И все же в христианстве наблюдались контратаки на распространяющуюся секуляризацию. Причем не столько в протестантском мире, где процесс формирования и распространения неофициальных сект очевидно замедлился в сравнении с 1848 г., исключение составляли только чернокожие жители в англосаксонской Америке, — сколько в католической. Один из чудесных обрядов, совершаемых в Лурде (Франция), начался с видения, явившегося в 1858 г. юной пастушке, и распространился с молниеносной скоростью. Начало, конечно, было стихийным, но все остальное произошло не без вмешательства церкви. К 1875 г. один из филиалов лурдской организации открылся в Бельгии. Можно привести не менее драматичные примеры; так, антиклерикализм породил довольно мощное движение евангелистов среди правоверных христиан и ответное укрепление клерикального влияния. В Латинской Америке сельское население было верующим без участия священников: до 1860 г. большинство мексиканских священников жили в городах. Несмотря на официальный антиклерикализм, церковь систематически завоевывала на свою сторону или обращала в новую веру сельских жителей.

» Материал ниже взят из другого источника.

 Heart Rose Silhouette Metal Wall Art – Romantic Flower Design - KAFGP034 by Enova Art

Фактически столкнувшись с угрозой антирелигиозных реформ, она прореагировала так же, как и в XVI веке — контрреформацией. Католичество, ставшее теперь непримиримым, ультрамонтанным, отрицающим любое примирение с силами прогресса, индустриализации и либерализма, превратилось после совета в Ватикане в 1870 г. в грозную силу, но ценой больших уступок своим врагам.

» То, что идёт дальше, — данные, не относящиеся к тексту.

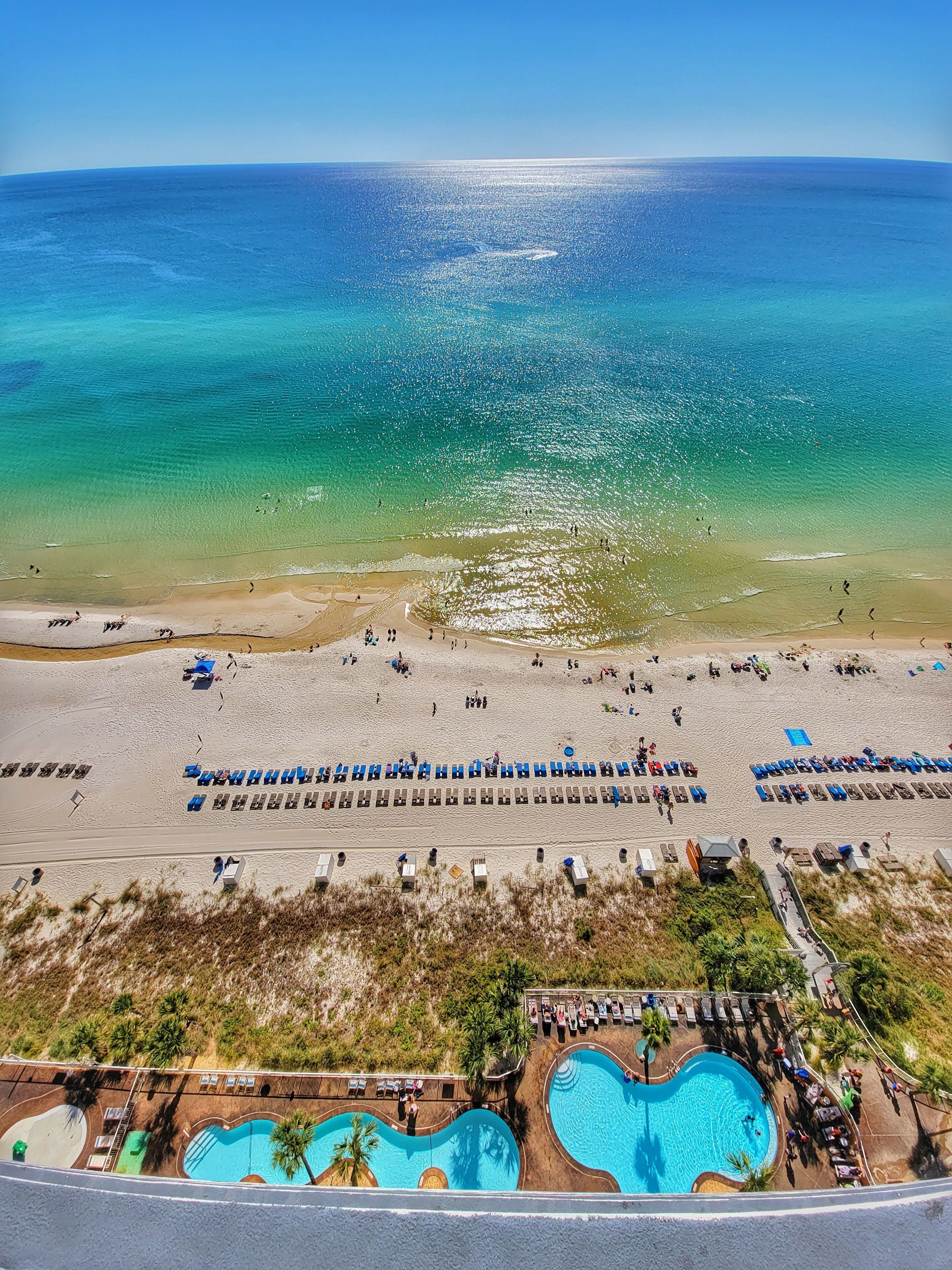On the beach, sun loungers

Нехристианские религии опирались в основном на силу традиционализма для того, чтобы противостоять разрушениям, чинимым эрой либерализма, или конфронтации с Западом. Попытки «либерализировать» эти религии, обращенные к полуассимилированной буржуазии (наподобие реформированного иудаизма, возникшего в конце 1860-х), вызывали ненависть ортодоксальных верующих и презрение агностиков. Силы традиций были все еще достаточно сильны и часто еще больше усиливались за счет сопротивления «прогрессу» и европейской экспансии. Как мы уже видели, Япония даже создала новую государственную религию — синтоизм, без традиционных элементов, рассчитанных на борьбу с «европеизацией» (см. главу 8). Даже западники и революционеры в странах третьего мира хорошо поняли, что для того, чтобы политику приобрести успех у масс, надо войти в роль буддистского монаха или святого человека Hindu. И все же, хотя число откровенных атеистов в это время было достаточно небольшим (по крайней мере даже в Европе женская половина человечества еще не была поражена агностицизмом), они главенствовали большей частью в светском мире. Все, что религия могла против них предпринять, — это отступить за стены своих мощных, занимающих огромное пространство укреплений и приготовиться к очень долгой осаде.